|
The majority of computationally-oriented psychological models, albeit certainly not all such models, are based on phrase-structure grammars. Furthermore, people are generally more familiar with phrase-structure grammars than with other formalisms. Therefore, the emphasis of this course will be on varieties of phrase-structure grammar and the processing models based on these frameworks, although processing models based upon other approaches to natural language syntax such as the categorial grammars will also be discussed.
The processing models and examples presented during this course consist of Prolog programs. Therefore, we begin with a review of Prolog language concepts such as lists, recursion, and unification introduced in Linguistics 482 that are of particular relevance to the topics dealt with in Linguistics 484.
Note, however, that you will not be required to write Prolog programs in Linguistics 484. Assignments involving Prolog will require only that you make minor modifications to existing programs, and no extensive knowledge of Prolog is needed to make these modifications. Our review of Prolog is directed more toward enabling you to follow the examples and thereby appreciate the processing concepts and strategies being illustrated.
Many of the concepts presented in Linguistics 484 are described in terms of the language and notation of set theory. We therefore review those aspects of set theory and the attendant notation required to follow the presentation and achieve understanding of these concepts.
Among the concepts discussed during this course is the notion of a procedure. In the context of natural language processing, procedures usually consist of detailed, step by step descriptions of the operations entailed in applying a grammar to recognise strings of words as sentences. Such procedures can form the basis of cognitive models of human language processing. It is also generally accepted that sufficiently well-defined procedures can be represented in terms of the operations performed by abstract computers called automata.
Particular varieties of automata, such as the finite-state and the push-down machines, can be demonstrated to be equivalent to natural language grammars, such as the finite or regular grammars and the context-free phrase-structure grammars. Equivalence in this context means that, for example, a push-down automaton can be devised that accepts just the sentences generated by a given context-free grammar. We also examine the relationship of the context-free grammars to the regular, the context-sensitive, and the unrestricted phrase-structure grammars in the Chomsky hierarchy, and we discuss the machines to which these grammars are equivalent.
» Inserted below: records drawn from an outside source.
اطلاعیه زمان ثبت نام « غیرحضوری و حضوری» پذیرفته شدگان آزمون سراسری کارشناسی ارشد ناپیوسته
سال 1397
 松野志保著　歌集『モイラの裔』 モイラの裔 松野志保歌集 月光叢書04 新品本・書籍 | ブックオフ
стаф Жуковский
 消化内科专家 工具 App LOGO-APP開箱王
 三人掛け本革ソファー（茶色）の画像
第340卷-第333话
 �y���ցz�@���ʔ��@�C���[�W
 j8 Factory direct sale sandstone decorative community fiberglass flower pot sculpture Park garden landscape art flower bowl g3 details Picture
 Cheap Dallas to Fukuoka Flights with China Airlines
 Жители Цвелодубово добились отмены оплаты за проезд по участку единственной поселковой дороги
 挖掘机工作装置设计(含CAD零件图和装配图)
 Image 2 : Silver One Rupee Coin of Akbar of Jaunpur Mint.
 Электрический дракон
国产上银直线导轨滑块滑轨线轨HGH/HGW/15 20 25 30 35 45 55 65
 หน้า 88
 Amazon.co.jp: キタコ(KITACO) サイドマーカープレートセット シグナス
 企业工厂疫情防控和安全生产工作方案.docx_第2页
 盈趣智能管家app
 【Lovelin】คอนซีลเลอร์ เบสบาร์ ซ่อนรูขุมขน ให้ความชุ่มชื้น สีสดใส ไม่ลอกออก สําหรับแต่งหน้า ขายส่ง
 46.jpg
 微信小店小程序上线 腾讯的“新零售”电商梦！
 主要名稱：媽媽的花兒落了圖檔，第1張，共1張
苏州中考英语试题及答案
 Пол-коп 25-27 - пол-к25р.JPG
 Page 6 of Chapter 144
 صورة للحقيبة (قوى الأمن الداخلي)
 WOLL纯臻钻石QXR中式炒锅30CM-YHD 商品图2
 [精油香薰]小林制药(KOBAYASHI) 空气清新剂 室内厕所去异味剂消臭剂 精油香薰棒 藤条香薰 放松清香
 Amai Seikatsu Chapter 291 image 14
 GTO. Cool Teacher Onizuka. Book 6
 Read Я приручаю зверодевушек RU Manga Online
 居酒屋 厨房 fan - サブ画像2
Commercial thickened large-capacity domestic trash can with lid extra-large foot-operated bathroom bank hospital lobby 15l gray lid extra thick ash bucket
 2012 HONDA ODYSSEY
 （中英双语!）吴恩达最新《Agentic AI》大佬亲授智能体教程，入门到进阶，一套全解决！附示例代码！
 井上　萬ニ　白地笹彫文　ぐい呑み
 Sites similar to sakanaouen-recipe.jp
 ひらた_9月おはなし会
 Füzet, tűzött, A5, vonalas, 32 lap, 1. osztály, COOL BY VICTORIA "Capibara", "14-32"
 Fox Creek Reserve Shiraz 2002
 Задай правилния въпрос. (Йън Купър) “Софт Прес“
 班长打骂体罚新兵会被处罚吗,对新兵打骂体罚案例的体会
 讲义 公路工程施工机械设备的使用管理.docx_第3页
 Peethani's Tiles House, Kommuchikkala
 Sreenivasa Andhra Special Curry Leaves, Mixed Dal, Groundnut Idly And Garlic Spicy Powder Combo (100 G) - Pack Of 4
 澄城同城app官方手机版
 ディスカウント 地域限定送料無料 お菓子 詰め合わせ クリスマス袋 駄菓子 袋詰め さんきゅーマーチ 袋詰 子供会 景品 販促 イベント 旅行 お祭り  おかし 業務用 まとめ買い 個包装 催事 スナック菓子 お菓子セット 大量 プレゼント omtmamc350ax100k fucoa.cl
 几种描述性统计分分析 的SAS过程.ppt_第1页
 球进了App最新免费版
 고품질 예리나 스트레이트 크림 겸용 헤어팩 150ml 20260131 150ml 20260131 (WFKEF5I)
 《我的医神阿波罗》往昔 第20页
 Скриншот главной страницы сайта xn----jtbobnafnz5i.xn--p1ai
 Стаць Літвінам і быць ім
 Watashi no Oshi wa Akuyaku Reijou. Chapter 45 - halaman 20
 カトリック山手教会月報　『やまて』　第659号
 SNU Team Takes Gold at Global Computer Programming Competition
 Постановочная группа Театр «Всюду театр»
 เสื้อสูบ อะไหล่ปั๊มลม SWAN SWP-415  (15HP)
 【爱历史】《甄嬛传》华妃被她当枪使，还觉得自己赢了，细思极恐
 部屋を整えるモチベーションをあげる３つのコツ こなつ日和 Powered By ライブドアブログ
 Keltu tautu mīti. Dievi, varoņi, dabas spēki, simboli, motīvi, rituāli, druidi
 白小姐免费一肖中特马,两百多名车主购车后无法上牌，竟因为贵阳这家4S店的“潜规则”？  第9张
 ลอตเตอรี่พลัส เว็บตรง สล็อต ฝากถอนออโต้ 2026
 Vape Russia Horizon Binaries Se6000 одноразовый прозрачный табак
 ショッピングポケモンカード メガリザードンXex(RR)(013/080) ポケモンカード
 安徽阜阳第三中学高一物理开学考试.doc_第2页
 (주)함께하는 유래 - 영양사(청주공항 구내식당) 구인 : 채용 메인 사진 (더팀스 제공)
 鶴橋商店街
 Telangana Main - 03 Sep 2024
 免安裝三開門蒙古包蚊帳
The study of these machines and their operations facilitates assessment of the computational resources required to process natural language sentences. These assessments shed light upon the resources and processes that might be employed by the human language processing system. For example, limits on the resources normally available to the human processor can explain why some sentences are more difficult to analyse than others, and the imposition of constraints on the resources available to these machines can be used to model human language processing deficits.
We examine a variety of different parsing strategies that have been
applied in psychological models of the sentence analysis process
such as the
top-down, structurally-driven
procedures and the
bottom-up, data-driven procedures.
We also discuss particular parsing procedures such as the
chart parsers
and procedures based on
transition network grammars.
The chart parsing procedure forms the basis of most parsing programs
used today in natural language processing applications; but it also
can be applied to model aspects of parallel processes in sentence
analysis.
The transition network procedures are important chiefly for historical
reasons, although they have been applied in some significant
psychological models of sentence processing.